Since IMLS took the reins of the annual survey from the Department of Education in 2007, it has continually added new wrinkles and metrics to the report, seeking to better understand and analyze the reams of data gathered every year, said Carlos Manjarrez, IMLS director of operations, research and evaluation. Previous years saw geocoding added to data so that libraries could be pinpointed geographically, followed by the addition of location analysis, which improved the ability of data analysts to look beyond the aggregate numbers the survey collects and ferret out developing trends in urban versus rural libraries.
This year’s introduction of multivariate analysis allows IMLS researchers to control for multiple variables—like location, size, and level of municipal investments—while analyzing data, painting a clearer picture of just won hat impact each individual variable has. That new level of analysis, said Manjarrez, was a key to providing a more nuanced understanding of the survey data, including insights into why per-capita visitation at U.S. public libraries experienced a 3.6 percent decline compared with the agency’s prior survey.
“We thought it was important to introduce multivariate analysis, because we wanted to dig deeper and understand what’s behind the drops in visitation over the last two years,” Manjarrez told LJ. “That lets us identify which of those things are most strongly associated with things like visitation and attendance of library programs.”
The answer won’t surprise many librarians. According to Manjarrez, high funding levels and lots of staffers correlate positively with high visitation rates, circulation, and program attendance, while cuts to funding are associated with decreased use of public libraries. “When you invest, it really does have an impact on visitations and circulation. That’s something this survey couldn’t say before.”
Manjarrez also noted that the data showed a slight correlation between investment in electronic resources and a drop in in-person visits. That makes sense—after all, one goal of investing in services like online access to databases and book renewals is to help save users a trip to the library. Unfortunately, the IMLS survey doesn’t yet collect the electronic visitor metrics that would be needed to confirm that a decline in on-site visits was offset by a rise in electronic resource usage. That’s because metrics of digital use can be hard to standardize and collect, requiring cooperation from multiple vendors who may report usage statistics differently.
Though those figures are hard to collect, Manjarrez admitted they mark a significant hole in the survey—one that needs to be fixed to keep it relevant in the future. “We need to address this,” he told LJ. “It’s 2014. It’s not as if electronic services are suddenly going to disappear.”
Among the figures that stood out to Manjarrez, the steady increase of attendance at library programs is a trend that holds across libraries large and small, urban and rural.
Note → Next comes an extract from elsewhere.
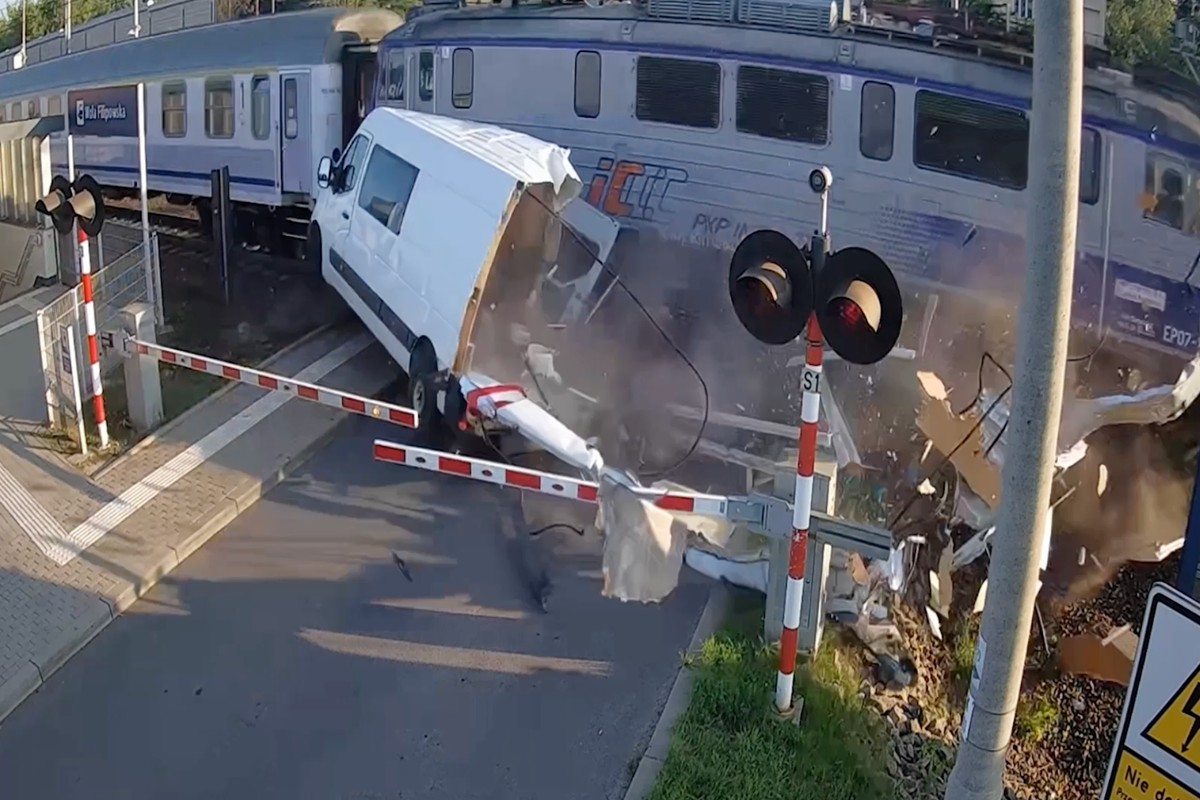Groźny wypadek na przejeździe pod Krakowem. Pociąg przeciął dostawczaka na pół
Since 2004, the survey shows that attendance at programs has increased more than thirty percent nationwide, with libraries reporting a total of 89 million attendees at 3.8 million programs in 2011. While electronic resources may help people skip a trip to the library, programs can be a reason for them to make a visit. “I think it signals a real transition…in terms of engaging learners in different ways,” Manjarrez said of the new prevalence of programming.
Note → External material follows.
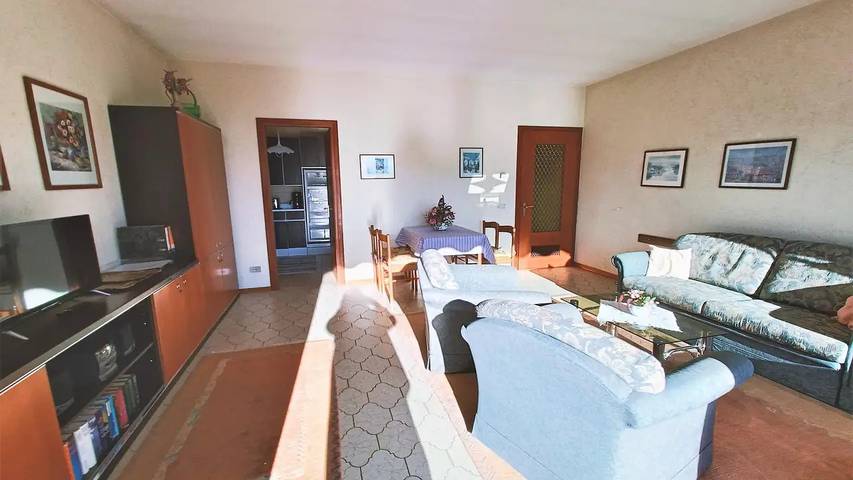 Ferienwohnung für 5 Personen, mit Garten in Maccagno con Pino e Veddasca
Anecdotally, Manjraez suggested the increase in the importance of library programs from job hunting classes to parenting workshops also suggests that partnerships with local nonprofits and government organizations are becoming more and more essential to libraries. Since programs can be effort intensive to set up and run, being able to pool resources with other organizations can make things easier on librarians. That hints at the notion that broader public service programs are reflective of libraries across the country becoming more connected with local partners and their communities.